This BOOK! I’m so happy to have read this book! I’m so happy this book exists! (Spoilers for the other Old Kingdom books. Just go read them.)
I’ve been a fan of the Old Kingdom books for a long time. Not as long as they’ve existed – Sabriel came out about 20 years ago and I didn’t read it then – but long enough ago that when the prequel, Clariel, came out in 2014 I was a bit over the moon. So with Goldenhand being a direct sequel to Abhorsen, I’ve been pining for this book for a good while.
This is most definitely a sequel. I’m not sure how it would stand by itself – there’s not a lot of explanation of the whole necromancy by bells thing, nor of the Charter, and there’s a moment where Lirael is required to use her mirror and I was like wait, what? because it’s been a while since I read the other books. But really that’s all right because just READ ALL THE OTHERS ANYWAY.
Lirael is pining the loss of the Disreputable Dog, and trying to fit in with her newly discovered much older half-sister Sabriel and her family, and learning to be the Abhorsen. Something I loved about Lirael was how she always struggled to fit in as a Clayr, and I like that Nix hasn’t just made her magically (heh) well-adjusted. Meanwhile, of course, things aren’t entirely hunky dory in the rest of the kingdom: a nomad appears unexpectedly at the Greenwash Bridge, and even more unexpectedly proceeds to be attacked by other nomads and their awesomely freaky magical constructs.

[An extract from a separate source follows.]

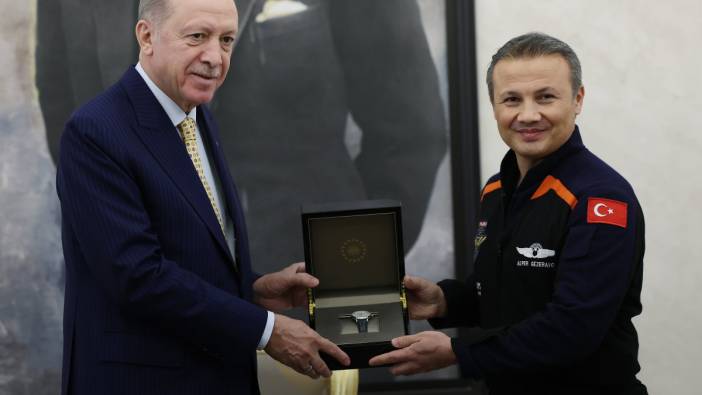 Türkiye'nin ilk astronotu Alper Gezeravcı Erdoğan ile görüştü. Saat hediye etti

Cue mad flight down the river…
The book follows two tracks: Lirael, taking charge of Abhorsen business while Sabriel has a holiday (heh so cute), which means investigating a message about Nicholas Sayre and there being a magical creature on the wrong side of the Wall… and Ferin, the nomad messenger, whose endurance makes all the other characters look a bit weak and who just occasionally has a wicked sense of humour.
I love Ferin.
Nix’s writing is incredibly easy to read: it’s fast-paced, and it has lovely descriptions that allow you to imagine the place but not get bogged down in detail. I love the idea of the Charter and the additional development that the magic system gets here. In the interview with Nix that’s included in the book, he seems a bit bemused by how many people mention the gender balance in his books. But here’s the thing: when you’re reading about some guards being awesome in fighting and realise that any number of them are women, and that’s just so not a thing for this world, it still blows my mind. Multiple women in multiple sorts of roles: it can be done.
This is a wonderful addition to the Old Kingdom world and I’m so happy that it exists.